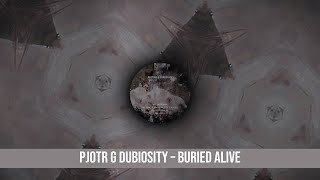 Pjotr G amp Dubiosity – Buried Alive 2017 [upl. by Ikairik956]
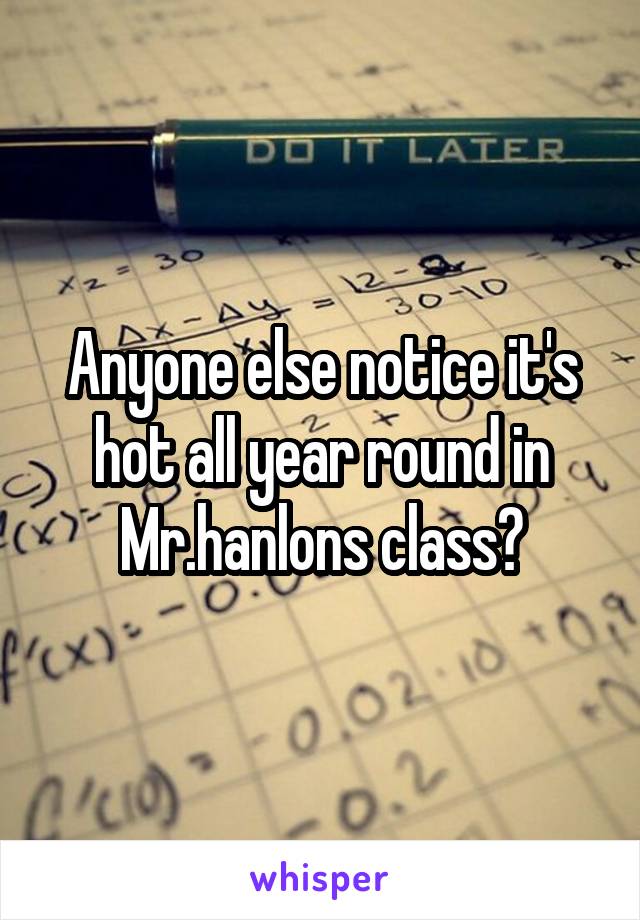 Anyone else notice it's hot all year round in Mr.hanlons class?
+ + +
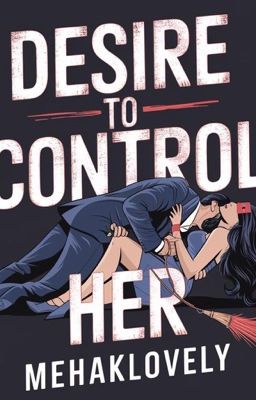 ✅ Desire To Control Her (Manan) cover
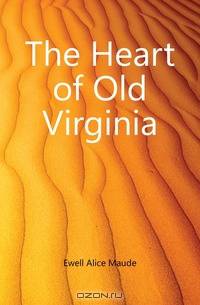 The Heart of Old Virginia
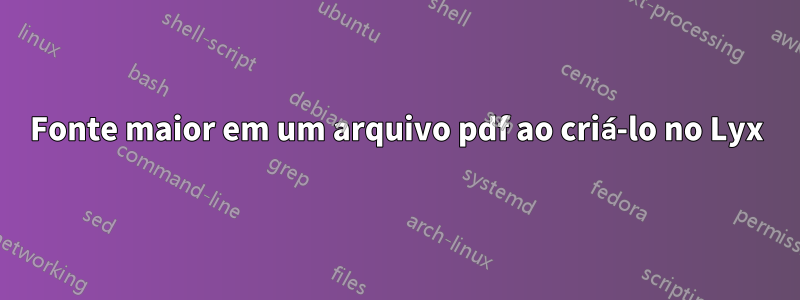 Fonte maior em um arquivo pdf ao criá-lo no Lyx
+ + +
## ACTION ITEM:
Going back to the data above, write out everything from the line with "Pjotr G amp" down to the line with "Anyone else notice", both included, leaving every picture out.

## RESULT OF THE TASK:
 Pjotr G amp Dubiosity – Buried Alive 2017 [upl. by Ikairik956]
 Anyone else notice it's hot all year round in Mr.hanlons class?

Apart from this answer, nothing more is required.